What to produce
When you copy the data, keep every word exactly as it is and leave the pictures out.

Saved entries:
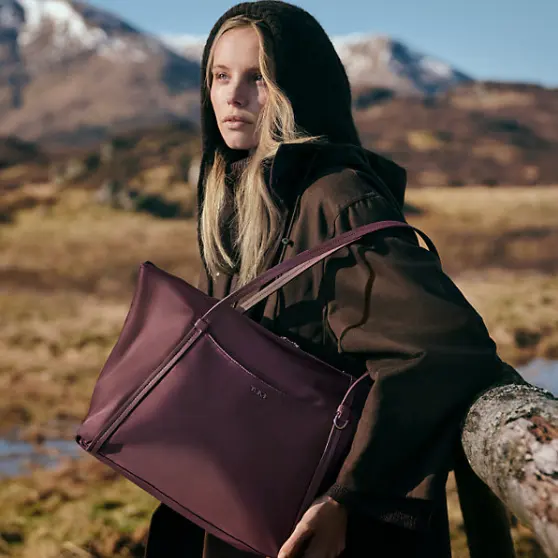Tumi：折扣区精选包袋 $65起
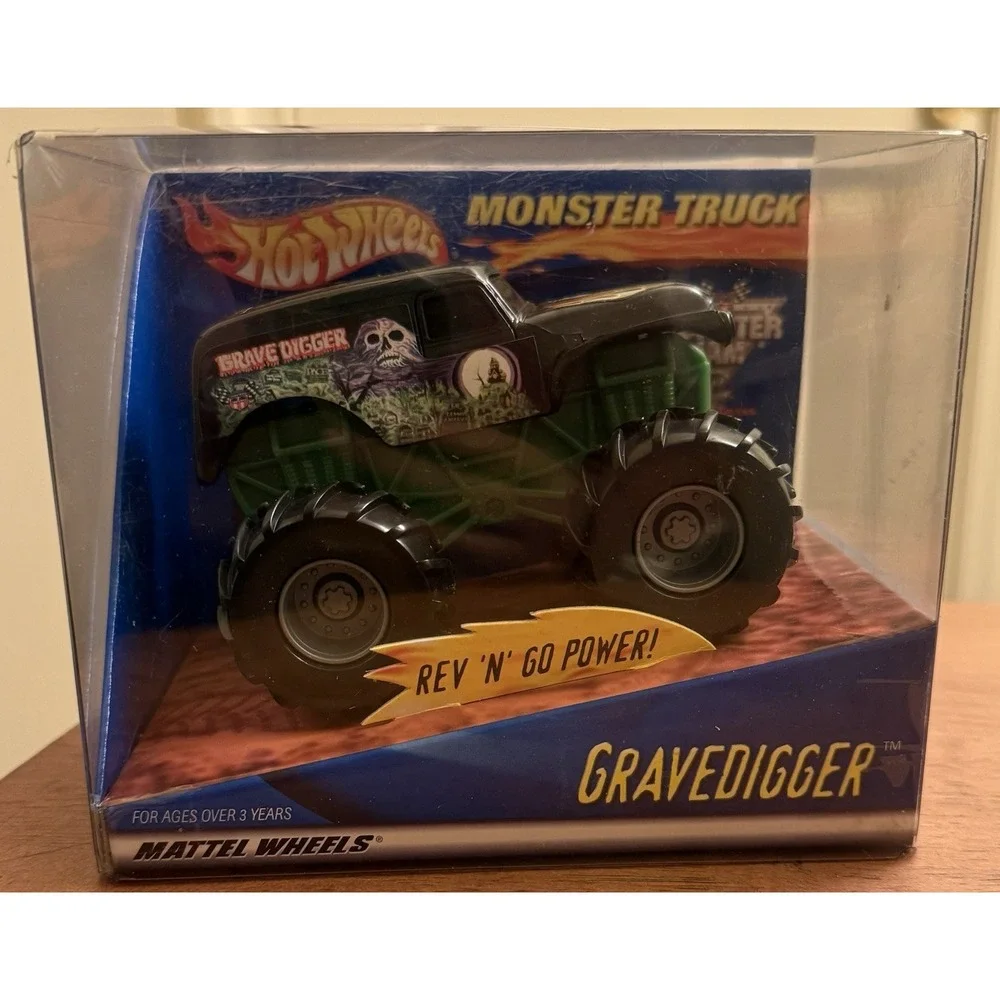Hot Wheels Monster Jam Truck Gravedigger Rev N Go 1/43 Mattel New In Box‎ 2000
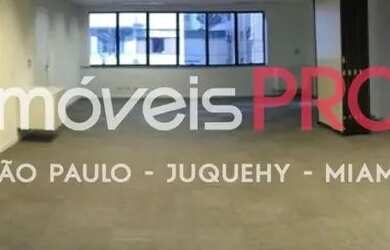 Imagem: O depósito possui 3 Vagas na garagem, 89m² de Área e está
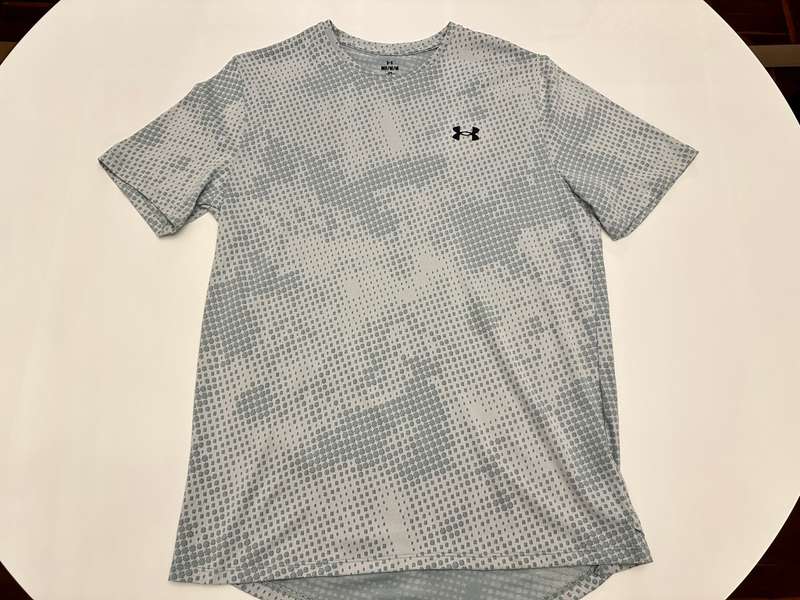 Under Armour Mens Training  Vent Short Sleeve Shirt - Size M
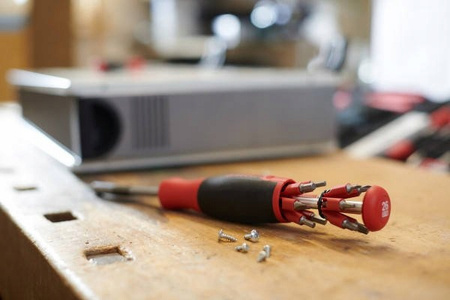 Wkrętak z bitami Wiha LiftUp 27 elementów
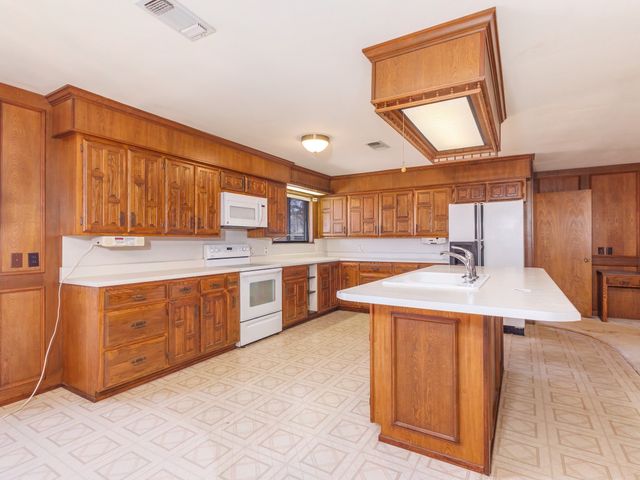 401 N Avenue E, Cross Plains, TX 76443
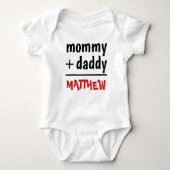mama papa baby jongensnaam rode tekst Baby shower Romper (Voorkant)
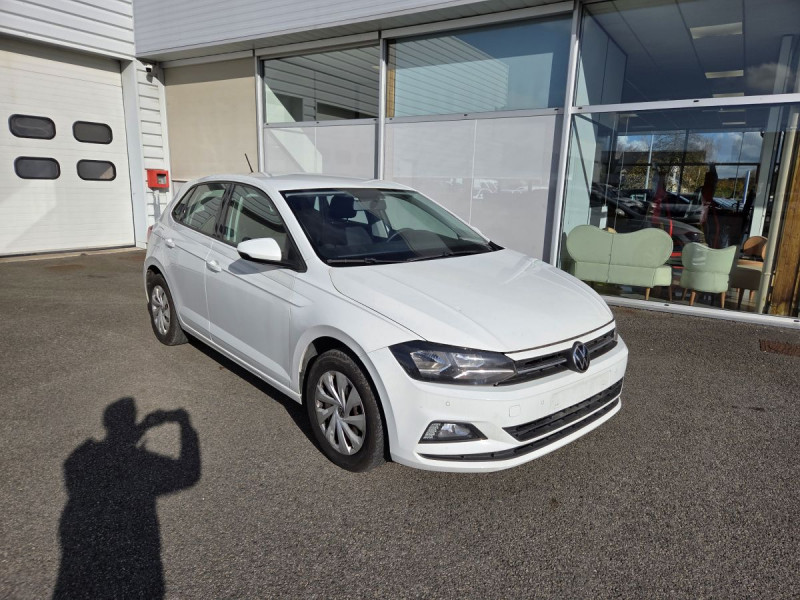 Photo 1 de l'offre de Volkswagen Polo (6) 1.0 TSI 95 Business à 11290€ chez Carlyss automobiles Vitré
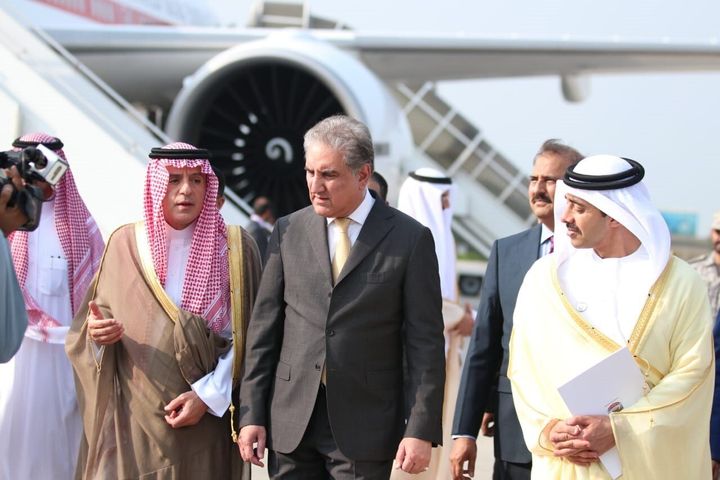 Pakistan's Foreign Minister, Shah Mehmood Qureshi (C) welcomes UAE Minister of Foreign Affairs and International Cooperation Sheikh Abdullah bin Zayed Al Nahyan (R) and Saudi Minister of State for Foreign Affairs Adel al-Jubeir (L) upon their arrival at Noor Khan Airbase in Islamabad on September 04, 2019. 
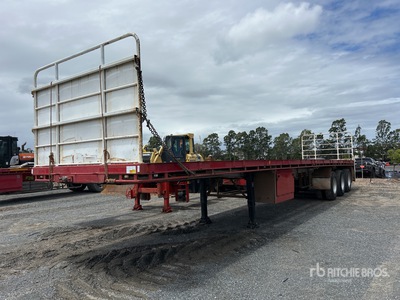2009 Krueger 13.6 m Tri/A Flatbed Trailer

Written answer
Tumi：折扣区精选包袋 $65起
Hot Wheels Monster Jam Truck Gravedigger Rev N Go 1/43 Mattel New In Box‎ 2000
 Imagem: O depósito possui 3 Vagas na garagem, 89m² de Área e está
 Under Armour Mens Training  Vent Short Sleeve Shirt - Size M
 Wkrętak z bitami Wiha LiftUp 27 elementów
 401 N Avenue E, Cross Plains, TX 76443
mama papa baby jongensnaam rode tekst Baby shower Romper (Voorkant)
 Photo 1 de l'offre de Volkswagen Polo (6) 1.0 TSI 95 Business à 11290€ chez Carlyss automobiles Vitré
 Pakistan's Foreign Minister, Shah Mehmood Qureshi (C) welcomes UAE Minister of Foreign Affairs and International Cooperation Sheikh Abdullah bin Zayed Al Nahyan (R) and Saudi Minister of State for Foreign Affairs Adel al-Jubeir (L) upon their arrival at Noor Khan Airbase in Islamabad on September 04, 2019. 
2009 Krueger 13.6 m Tri/A Flatbed Trailer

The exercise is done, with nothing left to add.